Minor refinements were made to the previously published methods to estimate unaltered and water-use-adjusted streamflow, including a procedure to enforce the monotonic structure of the regression-based unaltered flow quantiles, improvements to the interpolation method used for computing the estimated flow duration curve, and updates to the methods used to compute time-lagged stream alterations from groundwater pumping or discharges. Additionally, a procedure was developed to estimate prediction intervals for daily and monthly unregulated streamflow time series at an ungaged site.
The Massachusetts Sustainable-Yield Estimator computes water-use-adjusted streamflow using water-use data provided by the Massachusetts Department of Environmental Protection. Available water-use data included monthly withdrawal and wastewater discharge volumes from 2010 to 2014 for surface-water and groundwater sources. Water-use-adjusted streamflow represents the potential effect of current water use on natural streamflow in the basin over the range of historical hydrologic conditions.
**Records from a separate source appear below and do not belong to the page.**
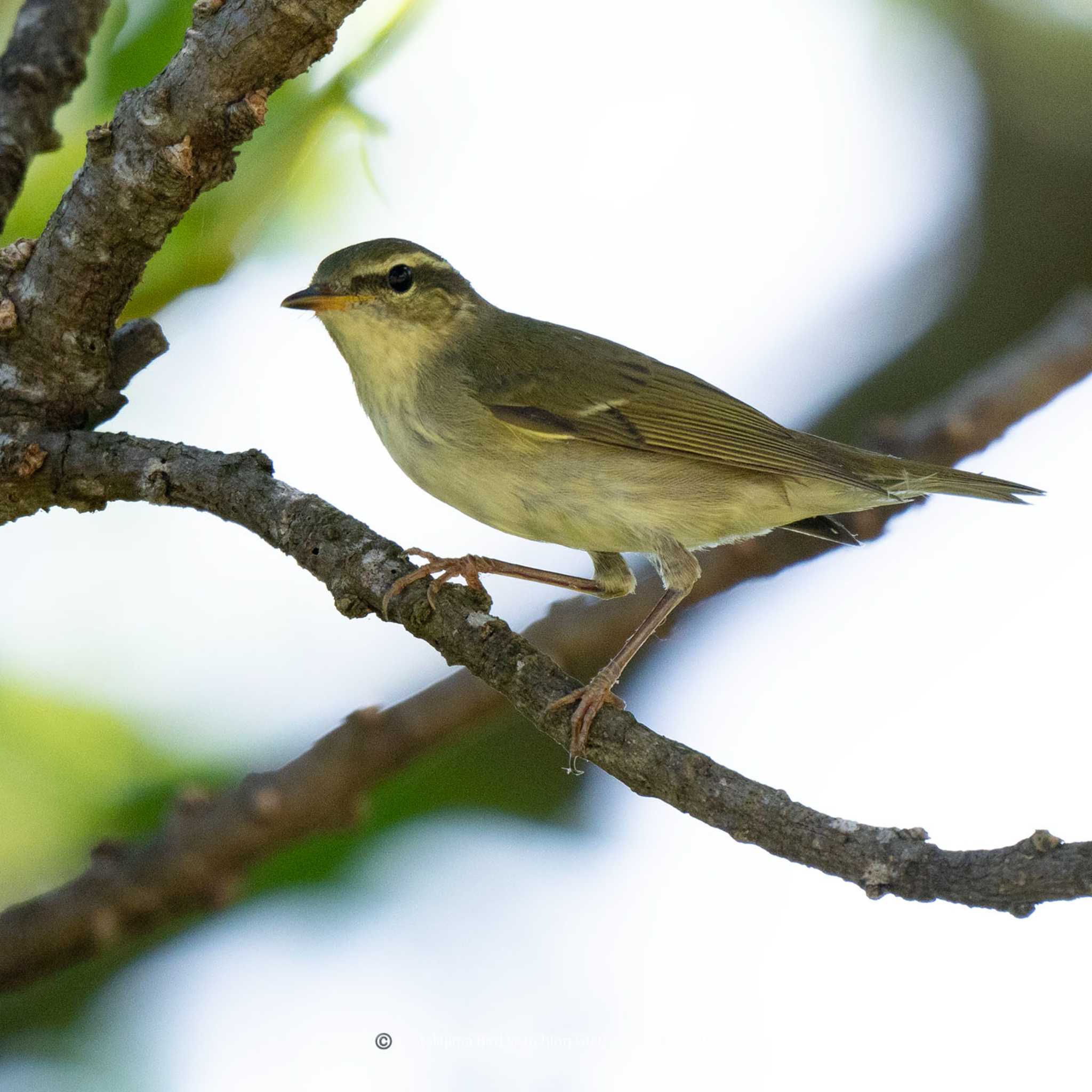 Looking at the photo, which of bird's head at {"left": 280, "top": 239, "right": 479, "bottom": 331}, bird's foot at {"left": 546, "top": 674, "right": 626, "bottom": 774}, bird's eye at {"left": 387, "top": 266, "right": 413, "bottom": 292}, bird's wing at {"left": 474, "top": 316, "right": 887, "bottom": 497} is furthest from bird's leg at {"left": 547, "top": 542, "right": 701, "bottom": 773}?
bird's eye at {"left": 387, "top": 266, "right": 413, "bottom": 292}

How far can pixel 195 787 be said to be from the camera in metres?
3.94

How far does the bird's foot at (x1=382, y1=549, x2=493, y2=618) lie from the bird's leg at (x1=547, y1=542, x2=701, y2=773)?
0.42m

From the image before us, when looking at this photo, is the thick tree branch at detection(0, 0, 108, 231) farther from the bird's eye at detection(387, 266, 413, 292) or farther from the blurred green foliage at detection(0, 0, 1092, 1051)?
the bird's eye at detection(387, 266, 413, 292)

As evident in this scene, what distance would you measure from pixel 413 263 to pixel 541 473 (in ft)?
3.56

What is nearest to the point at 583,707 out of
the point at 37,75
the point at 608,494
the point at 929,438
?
the point at 608,494

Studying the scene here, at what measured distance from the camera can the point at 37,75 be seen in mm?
3980

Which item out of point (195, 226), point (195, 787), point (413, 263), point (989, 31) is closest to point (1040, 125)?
point (989, 31)

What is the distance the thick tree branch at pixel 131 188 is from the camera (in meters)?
2.88

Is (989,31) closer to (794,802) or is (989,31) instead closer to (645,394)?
(645,394)

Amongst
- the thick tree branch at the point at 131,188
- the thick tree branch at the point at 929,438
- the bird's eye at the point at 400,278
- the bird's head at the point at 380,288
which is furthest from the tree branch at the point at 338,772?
the bird's eye at the point at 400,278

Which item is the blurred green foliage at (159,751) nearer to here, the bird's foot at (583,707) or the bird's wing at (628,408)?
the bird's wing at (628,408)

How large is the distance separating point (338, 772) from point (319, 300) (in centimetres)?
169

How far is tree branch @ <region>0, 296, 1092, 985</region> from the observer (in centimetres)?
228

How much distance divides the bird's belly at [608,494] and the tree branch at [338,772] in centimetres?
67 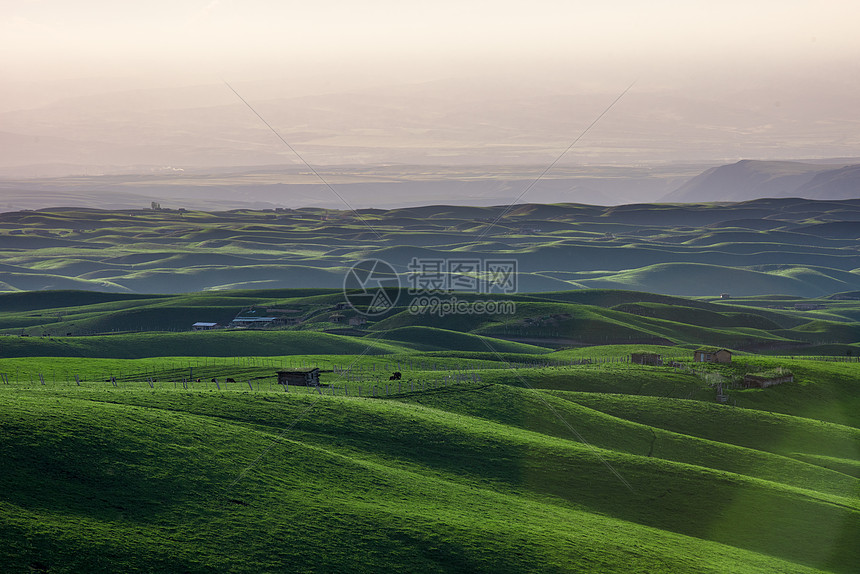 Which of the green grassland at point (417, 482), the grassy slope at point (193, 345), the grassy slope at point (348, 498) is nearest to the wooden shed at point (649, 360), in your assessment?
the green grassland at point (417, 482)

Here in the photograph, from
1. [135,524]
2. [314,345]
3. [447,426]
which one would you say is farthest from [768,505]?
[314,345]

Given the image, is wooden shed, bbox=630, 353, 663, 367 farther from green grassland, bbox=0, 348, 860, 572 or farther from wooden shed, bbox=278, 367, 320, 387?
wooden shed, bbox=278, 367, 320, 387

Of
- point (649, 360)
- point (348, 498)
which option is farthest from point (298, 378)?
point (649, 360)

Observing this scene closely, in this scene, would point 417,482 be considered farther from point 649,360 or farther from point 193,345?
point 193,345

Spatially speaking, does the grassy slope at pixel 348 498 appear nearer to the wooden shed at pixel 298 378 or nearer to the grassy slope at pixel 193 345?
the wooden shed at pixel 298 378

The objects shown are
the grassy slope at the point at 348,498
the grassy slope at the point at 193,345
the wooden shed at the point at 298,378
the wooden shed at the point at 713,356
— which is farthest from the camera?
the grassy slope at the point at 193,345

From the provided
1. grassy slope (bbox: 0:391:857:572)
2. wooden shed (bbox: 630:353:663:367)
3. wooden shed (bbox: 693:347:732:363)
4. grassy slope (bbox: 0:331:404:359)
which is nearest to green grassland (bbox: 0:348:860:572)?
grassy slope (bbox: 0:391:857:572)

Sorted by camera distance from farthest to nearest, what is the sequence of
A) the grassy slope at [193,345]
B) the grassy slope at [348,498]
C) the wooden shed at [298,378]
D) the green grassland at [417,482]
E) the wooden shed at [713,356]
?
1. the grassy slope at [193,345]
2. the wooden shed at [713,356]
3. the wooden shed at [298,378]
4. the green grassland at [417,482]
5. the grassy slope at [348,498]

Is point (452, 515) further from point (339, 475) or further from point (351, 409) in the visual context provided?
point (351, 409) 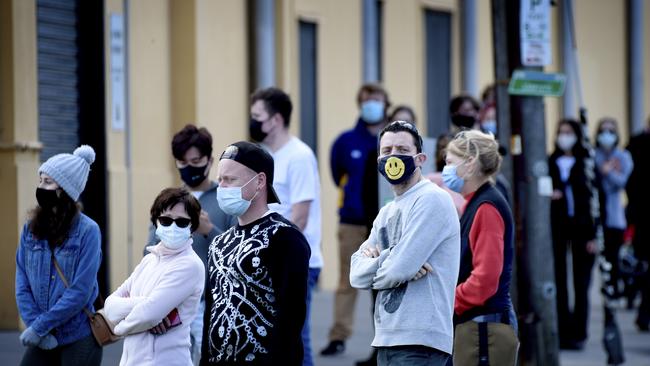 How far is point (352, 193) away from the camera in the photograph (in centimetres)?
1245

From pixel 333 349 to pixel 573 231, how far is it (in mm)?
2834

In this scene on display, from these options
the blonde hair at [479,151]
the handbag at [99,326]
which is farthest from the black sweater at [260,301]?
the blonde hair at [479,151]

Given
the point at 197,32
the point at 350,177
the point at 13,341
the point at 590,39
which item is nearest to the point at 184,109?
the point at 197,32

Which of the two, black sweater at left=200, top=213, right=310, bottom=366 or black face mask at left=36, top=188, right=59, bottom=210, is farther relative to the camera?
black face mask at left=36, top=188, right=59, bottom=210

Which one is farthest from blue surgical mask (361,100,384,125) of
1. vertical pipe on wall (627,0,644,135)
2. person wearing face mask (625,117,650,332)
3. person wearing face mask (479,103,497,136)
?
vertical pipe on wall (627,0,644,135)

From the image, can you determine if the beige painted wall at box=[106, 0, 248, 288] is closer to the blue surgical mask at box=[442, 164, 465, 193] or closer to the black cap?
the blue surgical mask at box=[442, 164, 465, 193]

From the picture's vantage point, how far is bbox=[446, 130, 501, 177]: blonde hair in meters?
8.11

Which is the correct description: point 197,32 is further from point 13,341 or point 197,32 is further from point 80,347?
point 80,347

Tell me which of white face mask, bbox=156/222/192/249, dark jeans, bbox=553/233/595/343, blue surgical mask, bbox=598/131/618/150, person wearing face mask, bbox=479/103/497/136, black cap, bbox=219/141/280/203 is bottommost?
dark jeans, bbox=553/233/595/343

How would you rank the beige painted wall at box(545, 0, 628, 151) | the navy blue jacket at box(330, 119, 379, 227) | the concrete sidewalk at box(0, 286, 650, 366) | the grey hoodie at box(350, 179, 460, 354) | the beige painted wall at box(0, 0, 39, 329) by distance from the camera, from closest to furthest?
the grey hoodie at box(350, 179, 460, 354), the concrete sidewalk at box(0, 286, 650, 366), the beige painted wall at box(0, 0, 39, 329), the navy blue jacket at box(330, 119, 379, 227), the beige painted wall at box(545, 0, 628, 151)

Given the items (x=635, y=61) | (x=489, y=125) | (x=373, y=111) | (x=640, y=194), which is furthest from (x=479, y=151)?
(x=635, y=61)

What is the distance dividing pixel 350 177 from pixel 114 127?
2.42 m

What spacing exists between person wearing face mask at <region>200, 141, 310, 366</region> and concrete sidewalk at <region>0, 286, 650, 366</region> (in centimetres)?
348

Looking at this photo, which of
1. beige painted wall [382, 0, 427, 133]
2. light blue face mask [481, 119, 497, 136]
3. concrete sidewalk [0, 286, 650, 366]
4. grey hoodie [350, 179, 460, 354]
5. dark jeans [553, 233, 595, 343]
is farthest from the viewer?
beige painted wall [382, 0, 427, 133] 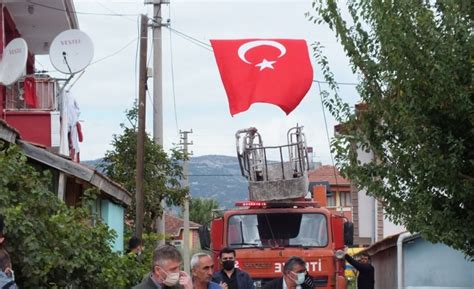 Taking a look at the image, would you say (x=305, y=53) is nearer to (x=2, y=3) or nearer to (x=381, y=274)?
(x=2, y=3)

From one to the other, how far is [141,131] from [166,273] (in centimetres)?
1625

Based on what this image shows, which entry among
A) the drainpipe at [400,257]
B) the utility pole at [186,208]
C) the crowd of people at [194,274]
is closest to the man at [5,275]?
the crowd of people at [194,274]

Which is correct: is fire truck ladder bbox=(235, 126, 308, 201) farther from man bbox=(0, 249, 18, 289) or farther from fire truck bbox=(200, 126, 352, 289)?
man bbox=(0, 249, 18, 289)

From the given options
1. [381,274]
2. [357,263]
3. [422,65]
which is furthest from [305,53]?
[381,274]

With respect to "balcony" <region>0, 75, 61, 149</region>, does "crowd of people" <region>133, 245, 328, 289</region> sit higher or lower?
lower

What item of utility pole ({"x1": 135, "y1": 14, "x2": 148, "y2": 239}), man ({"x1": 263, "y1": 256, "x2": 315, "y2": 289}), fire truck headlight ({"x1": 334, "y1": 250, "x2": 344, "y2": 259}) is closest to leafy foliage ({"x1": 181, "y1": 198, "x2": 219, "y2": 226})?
utility pole ({"x1": 135, "y1": 14, "x2": 148, "y2": 239})

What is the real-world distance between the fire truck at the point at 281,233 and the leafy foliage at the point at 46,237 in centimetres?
619

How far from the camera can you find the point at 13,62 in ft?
76.7

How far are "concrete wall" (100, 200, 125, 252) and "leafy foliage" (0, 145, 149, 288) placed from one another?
686 centimetres

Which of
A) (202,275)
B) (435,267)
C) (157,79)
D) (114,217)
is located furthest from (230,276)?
(157,79)

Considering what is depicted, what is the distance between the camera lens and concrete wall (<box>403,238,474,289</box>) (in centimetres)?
2559

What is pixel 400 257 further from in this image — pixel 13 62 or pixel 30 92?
pixel 13 62

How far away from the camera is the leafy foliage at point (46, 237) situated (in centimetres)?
1291

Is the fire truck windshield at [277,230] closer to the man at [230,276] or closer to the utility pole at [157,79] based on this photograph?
the man at [230,276]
Georeferenced water withdrawal and discharge volumes were incorporated into the Massachusetts StreamStats web application for use in version 2.0 of the Massachusetts Sustainable-Yield Estimator. To compute water-use-adjusted streamflow, mean daily withdrawals and discharges within a user-defined basin are subtracted and added to the unaltered time series, respectively. Surface-water volumes are applied directly to the equation. Time-lagged streamflow alterations from groundwater withdrawal or wastewater discharge sources are estimated by using a response-coefficient method developed from results of previously published, calibrated groundwater models in Massachusetts.
The Massachusetts Sustainable-Yield Estimator was updated to version 2.0 to improve software stability and usability. The version 2.0 software application was developed in Microsoft Access with a graphical user interface. All geoprocessing steps, including basin delineation and compilation of basin characteristics and water use within the basin, were completed in the Massachusetts StreamStats web application and exported for use by the Massachusetts Sustainable-Yield Estimator version 2.0.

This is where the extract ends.